I honestly hope he has a loving family out here looking for him. And ya know, if not, it's their loss! I would keep him in a heart beat if I knew for sure.


----------



## Alpaca (Dec 21, 2009)

Ha, be warned though. I also did what you did with Cap'n Jack. After no answers to my ads, I was like alright! So I neutered and microchipped him. Now he's the sweetest sweetie pie out of the whole bunch who follows me everywhere like a puppy.


----------



## The Divine Miss M (Oct 4, 2011)

Also take into account that he could be someone's indoor/outdoor cat, and there could be someone out there wondering why he didn't come home for dinner. I'm not sure keeping him in is the right thing to do if he's well fed and since you can't ID him as a boy, I'm guessing he's either a she or has been neutered. If he's a he, he did not neuter himself so there should be someone on the look out.


----------



## Heidi n Q (Nov 22, 2006)

IME, dirty cats don't have homes. 
Cats who have homes typically spend a good portion of their time indoors and grooming.
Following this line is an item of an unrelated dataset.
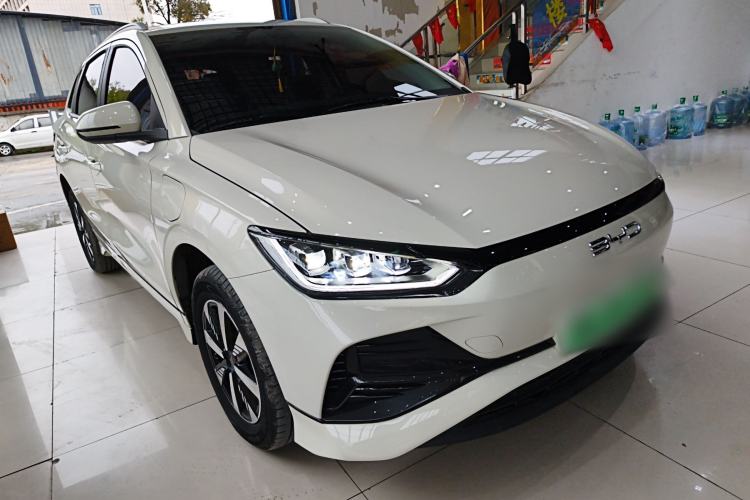 Used BYD e2 2023 Luxury Model Front Right 45 Deg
Cats outside, trying to survive, don't spend a lot of time grooming the grime off of them. They just let themselves be dirty.
If he hasn't been lost (_accidentally got out_) I have to wonder if someone turned him out of their home to fend for himself. 

I think he was very lucky to find you and Apollo.


----------



## Shenanigans (Jul 23, 2011)

He is quite dirty. And since he's been here I've only seen him "clean" himself once, which was a quick lick on his back leg. His paws are caked in dirt and there's some little cakes of dried dirt around the base of his nails. I was looking at his teeth and they aren't in BAD shape, but they're not in good shape either. I'm beginning to think he's a lot older than I first assumed. He isn't grey anywhere, but I don't think he's under a year old.
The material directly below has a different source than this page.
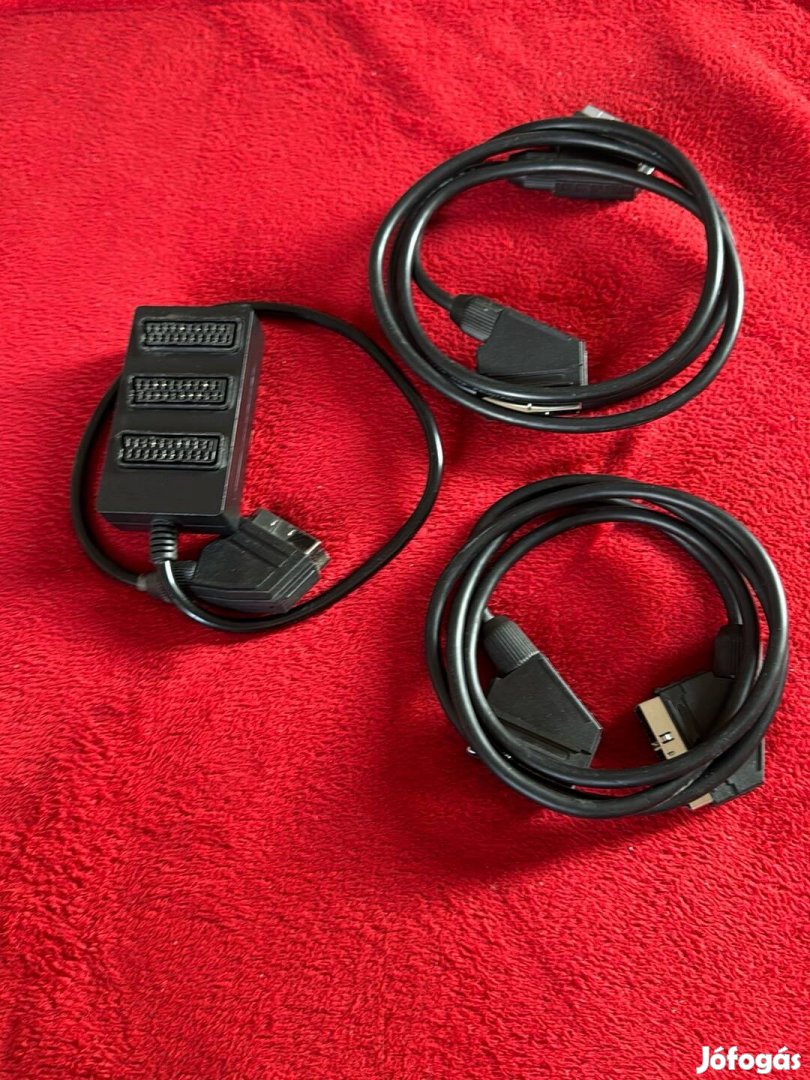 2 db Scart kábel + 1 db Scart elosztó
I'm printing out some Cat Found posters to put around my neighborhood, just in case he did manage to get out of his home. I don't know, it's just odd. I am pretty well acquainted with the majority of the strays around here as they all seem to flock to my patio at some point or another.


----------



## Nora B (Nov 6, 2010)

Sounds like he found you at just the right time.


----------



## Shenanigans (Jul 23, 2011)

*He just went home!*

I'm sad to see him go, but I'm so happy that he wasn't just tossed out by someone around here.


----------



## Dave_ph (Jul 7, 2009)

What? What? What's the story on his return


----------



## Lenkolas (Jan 18, 2011)

What happened! He was lost? REALLY?!?! :shock:


----------



## Shenanigans (Jul 23, 2011)

Yeah, I'm just as surprised. To be honest, I couldn't bring myself to ask for the details, I didn't want to seem rude, even though I wanted to scream the whole time she was here. The only thing that made me keep my mouth shut is that she really did look relieved when she saw him.

He's not microchipped, no collar, nothing. I'm actually starting to feel more and more guilty about it.


----------